Aim of the exercise =>
Reproduce exactly, and solely, the lines running from the top of the data below through the line with "From the manual", both inclusive. Omit pictures.

[Material for this task Boundary: Start]

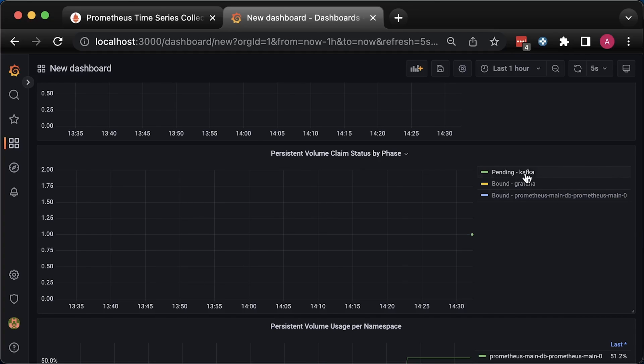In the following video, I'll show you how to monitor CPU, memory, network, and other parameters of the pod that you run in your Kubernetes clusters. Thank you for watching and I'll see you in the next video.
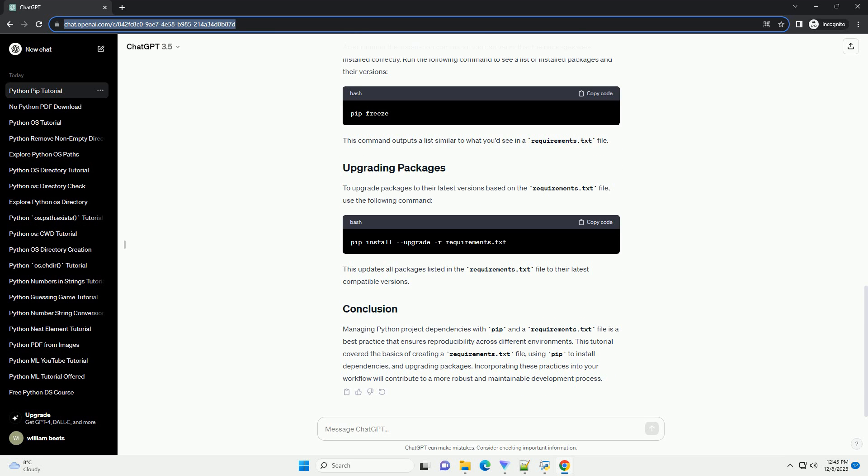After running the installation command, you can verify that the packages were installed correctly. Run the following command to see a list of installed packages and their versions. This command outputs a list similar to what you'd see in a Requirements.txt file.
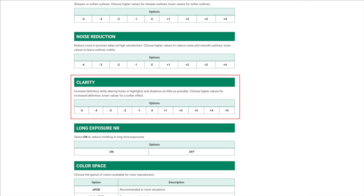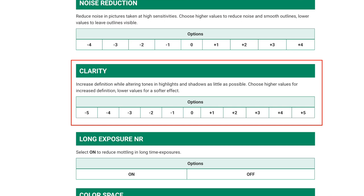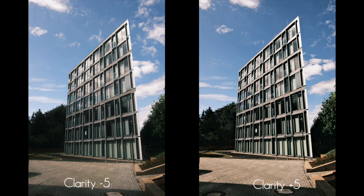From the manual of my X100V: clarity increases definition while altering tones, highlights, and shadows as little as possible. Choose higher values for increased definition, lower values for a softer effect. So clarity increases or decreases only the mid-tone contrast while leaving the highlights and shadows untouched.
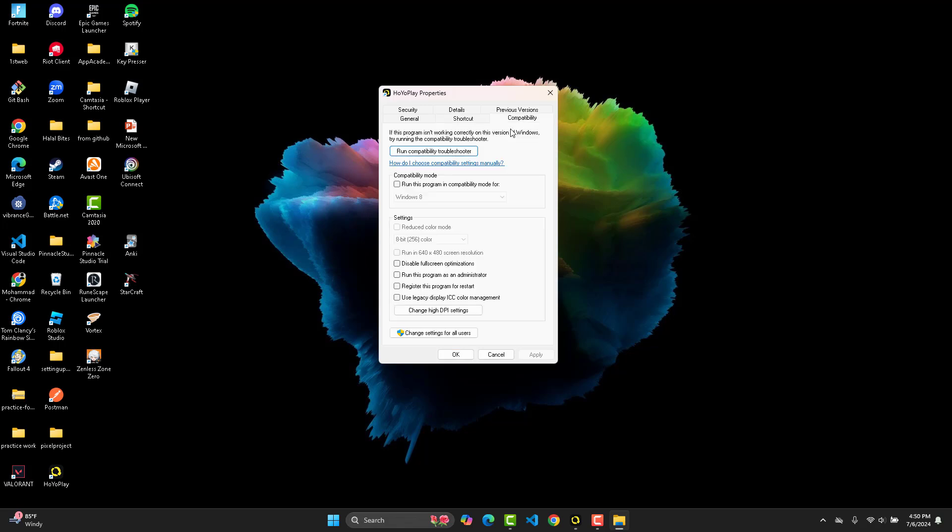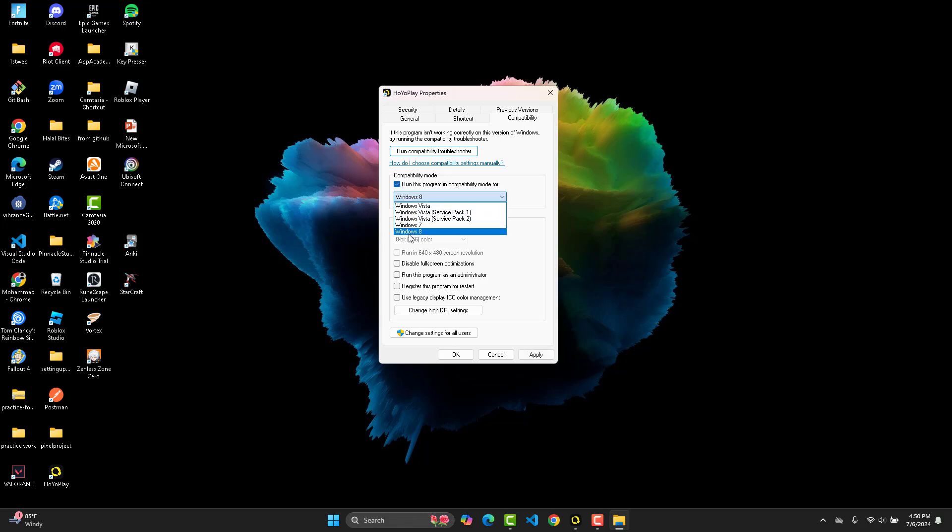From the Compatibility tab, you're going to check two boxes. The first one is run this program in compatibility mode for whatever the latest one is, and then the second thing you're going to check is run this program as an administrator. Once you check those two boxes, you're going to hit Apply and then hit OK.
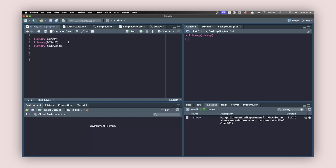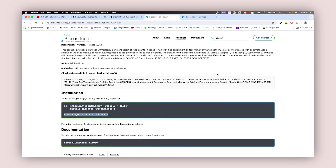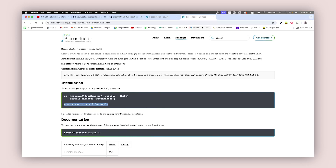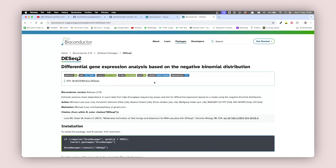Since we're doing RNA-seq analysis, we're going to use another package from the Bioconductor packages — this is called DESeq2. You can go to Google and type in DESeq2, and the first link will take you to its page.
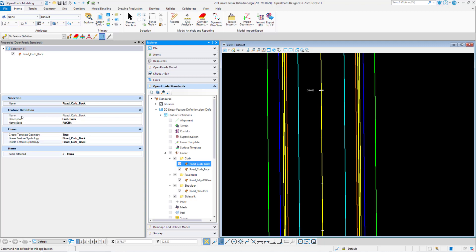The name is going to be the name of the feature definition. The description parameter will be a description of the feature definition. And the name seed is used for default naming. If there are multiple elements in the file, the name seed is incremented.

[Material for this task Boundary: End]

Solved problem =>
In the following video, I'll show you how to monitor CPU, memory, network, and other parameters of the pod that you run in your Kubernetes clusters. Thank you for watching and I'll see you in the next video.
After running the installation command, you can verify that the packages were installed correctly. Run the following command to see a list of installed packages and their versions. This command outputs a list similar to what you'd see in a Requirements.txt file.
From the manual of my X100V: clarity increases definition while altering tones, highlights, and shadows as little as possible. Choose higher values for increased definition, lower values for a softer effect. So clarity increases or decreases only the mid-tone contrast while leaving the highlights and shadows untouched.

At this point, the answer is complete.